Former New Jersey Governor Jon Corzine’s beleaguered trading shop, MFGlobal, filed for Chapter 11 bankruptcy protection Monday, six days after it reported a third quarter loss of $191.6 million, sending its stock into a 67% tail-spin.
The cause of the collapse? A $6.3 billion bet on European sovereign debt by Corzine, which amounted to about 10% of the firms overall assets. Two ratings agencies, Moody’s and Fitch, concluded the bet was too risky and showed lax oversight at the firm, and downgraded its ratings.
So, is this an example of the system working through a combination of regulation and self-policing by Wall Street to reduce risk that could set off a chain reaction? Or does it show Wall Street is still dangerously willing to take big risks with the system in pursuit of profit?

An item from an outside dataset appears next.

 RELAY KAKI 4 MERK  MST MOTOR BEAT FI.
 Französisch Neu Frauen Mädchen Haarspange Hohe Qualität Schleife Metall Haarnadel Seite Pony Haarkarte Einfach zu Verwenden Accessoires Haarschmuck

Initial reports suggest it’s more the former than the latter. Back in August, regulators from FINRA ordered MFGlobal to boost its capital because they were worried about its exposure to debt. That oversight was part of a quiet government-wide stress test of the U.S. financial system by the Fed, Treasury and other regulators over the summer, designed to assess and protect against the European sovereign debt crisis.
That oversight may not have saved MFGlobal, but it seems to have been enough for the big bank creditors exposed to MFGlobal to get out of their risk positions. Sources at J.P. Morgan, which is listed as holding over a $1 billion in MFGlobal paper, are telling CNBC the bank sold off all but $100 million of that debt over the last few months. Likewise, Deutsche Bank is telling reporters it parceled out its $300 million in MFGlobal exposure.
MFGlobal is a only medium-sized broker, but its bankruptcy will likely rank as the 8th largest ever. And traders are reflexively worried about the possible contagion from MFGlobal’s failure. But for now, it appears that regulatory oversight played a role in ensuring MFGlobal’s damage won’t spread beyond its, and Jon Corzine’s, offices.